That’s stretching the definition of value a bit. Value is certainly situational - you wouldn’t say that someone selling the last parachute on a plane that’s falling is « capturing the true value of the parachute » - or someone selling a bottle of water to someone dying of dehydration in the desert is capturing the true value of the water
I believe I'm using value[1] in the standard economic way as "measure of the benefit provided by a good or service to an economic agent" often framed as "what is the maximum amount of money a specific actor is willing and able to pay for the good or service?".
It's not the same as market price or market value. Market price is what you actually pay, value is the maximum you would hypothetically pay. The difference between the two is the "consumer surplus"[2].

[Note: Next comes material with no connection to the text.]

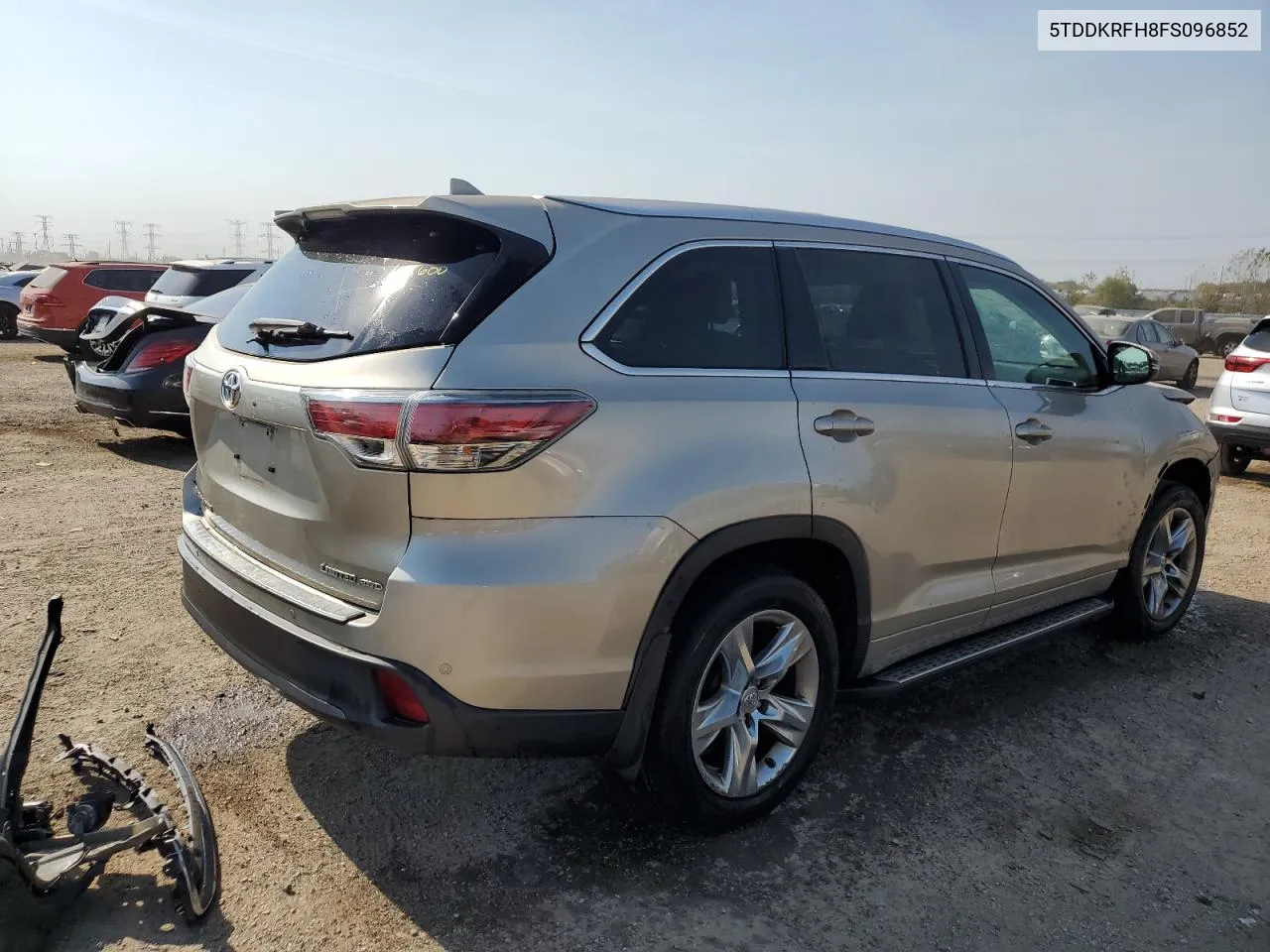 2015 Toyota Highlander Limited VIN: 5TDDKRFH8FS096852 Lot: 75210254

It is situational, but I don't think it varies much in this scenario. You aren't any hungrier inside the airport than you are outside. If food was equally scarce in both locations, you would pay the same amount.
The value is the same in both locations, but the price is higher in the airport. That means consumer surplus is higher outside the airport. The cost to the producer is also roughly the same, so the producer surplus is higher in the airport. The producer has used their monopoly position to take a larger portion of the economic surplus inside the airport.
> but I don't think it varies much in this scenario. You aren't any hungrier inside the airport than you are outside.
I think the poster was claiming that in fact the value is not the same. You aren't hungrier, but you are typically more tired, more rushed, and focused on bigger problems than what to eat for lunch, etc. It's a reasonable argument. That doesn't mean it's thing going on.